There’s something distinctly Floridian about watching shrimp boats trawling our coastal waters, particularly in the northeastern part of the state. Shrimping and shrimp boat building have been an important part of the culture of St. Augustine and Fernandina Beach for more than a century.
“Mike Salvador was a fisherman, he was a mariner, he was an entrepreneur,” says maritime historian Brendan Burke, co-author of the book “Shrimp Boat City: 100 Years of Catching Shrimp and Building Boats in St. Augustine, the Nation’s Oldest Port.” “In Fernandina in the first decade of the twentieth century, he assembled what I would consider to be the greatest maritime chapter in Florida’s state history.”
The shrimping industry that Salvador helped to established involved thousands of people.

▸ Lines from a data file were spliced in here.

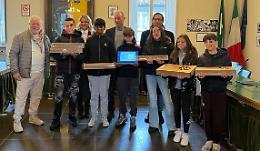I ragazzi del Consiglio comunale conquistano sette nuovi computer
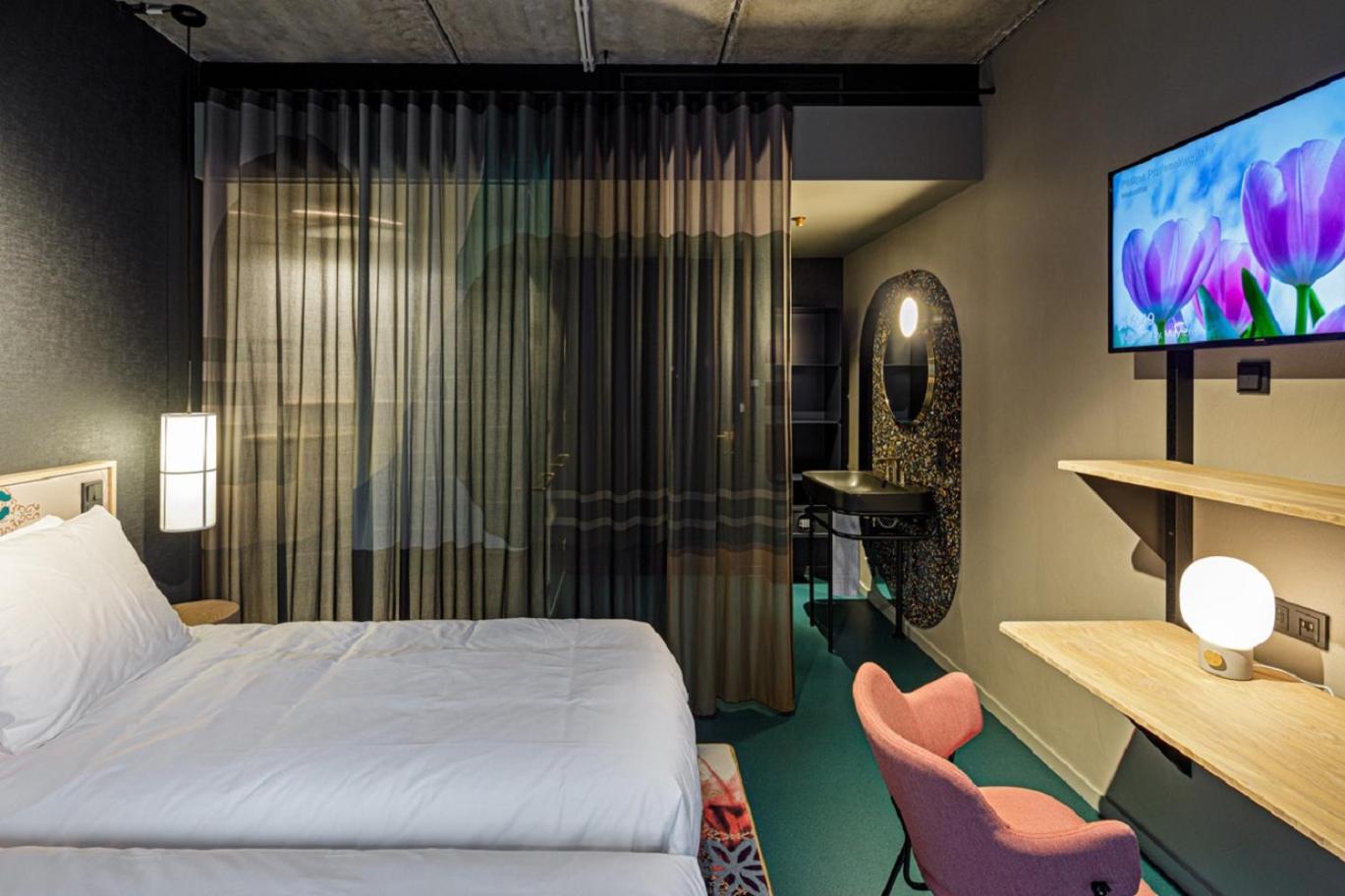Twin Room - Photo 5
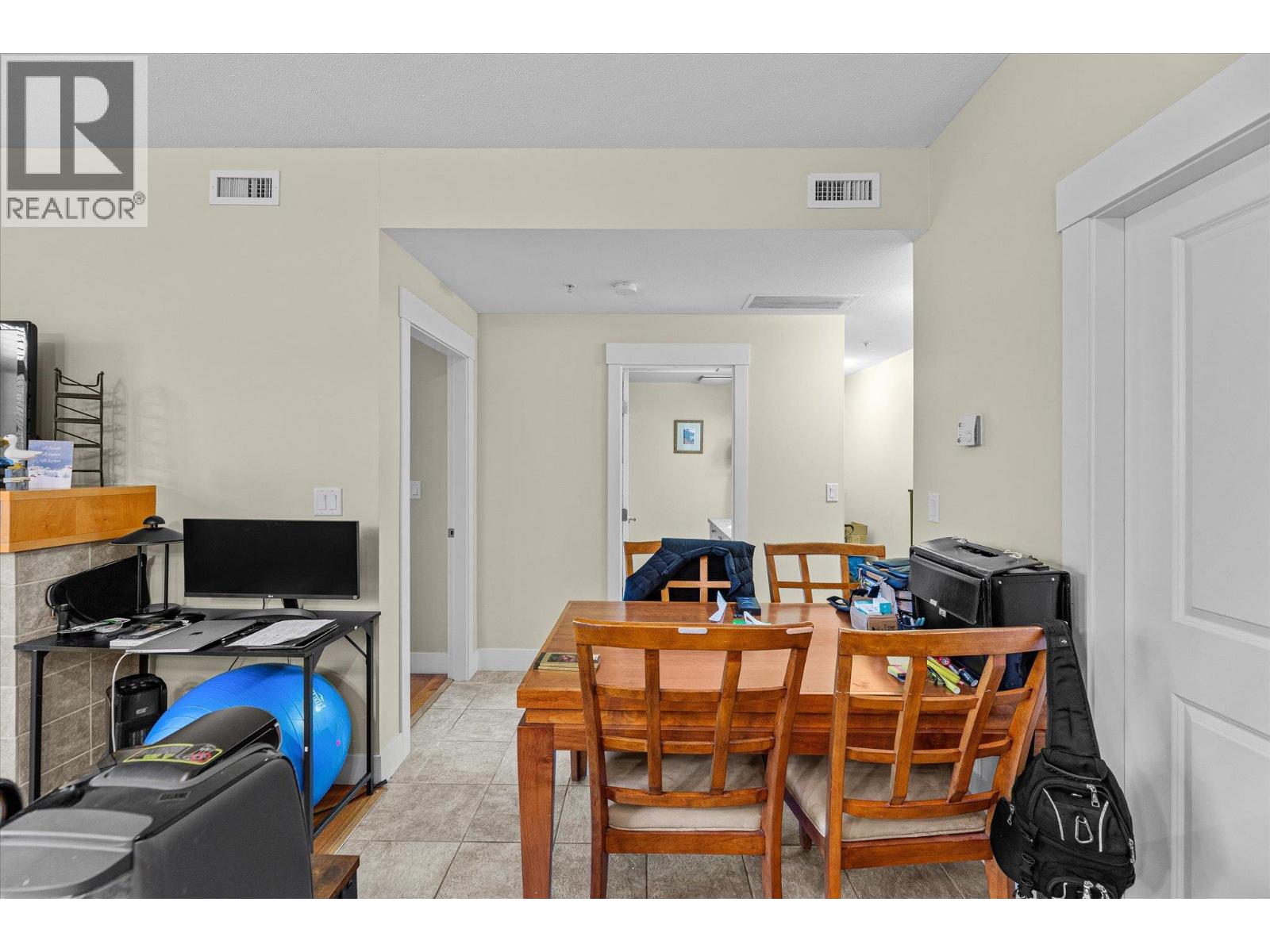 301 4205 Gellatly Road, West Kelowna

Families from diverse cultural backgrounds were part of the birth and growth of Florida’s shrimping industry in the early to mid-twentieth century.
“You have African American families that that are getting into the enterprise in fish houses, as labor on the boats, and as owners of some of the boats,” Burke says. “You have Greek immigrant families that are building boats, mostly in Fernandina and St. Augustine but other places as well, like Tarpon Springs. You have Italian immigrant families that are coming either directly from Italy or transmigrating from places up north like the Fulton Fish Market in New York.”
New York’s Fulton Fish Market was an integral part of Florida’s shrimping industry, distributing the tons of shrimp being caught in Florida waters to restaurants and dinner tables around the world. The shrimp would make it to the market via the railroad and the growing interstate road system.
There was a “boom” in Florida’s shrimping industry in the 1940s and ‘50s as the population of the state increased dramatically after World War II, and demand for shrimp increased.
“Shrimp were mostly an ethnic food prior to the 1920s, ‘30s, and 40s,” says Burke. “Maybe you would have heard of a shrimp cocktail in the big cities, but if you’re in Omaha, or if you’re in Des Moines, or if you’re in Topeka, you probably didn’t eat shrimp habitually. After the war, you had all these young men and women who traveled around the country, around the world, and they’d met other people and they learned to do strange things like eat shrimp. The war changed us in many ways, but it changed what we put on our plates. St. Augustine and a lot of other port towns, started to supply that need.”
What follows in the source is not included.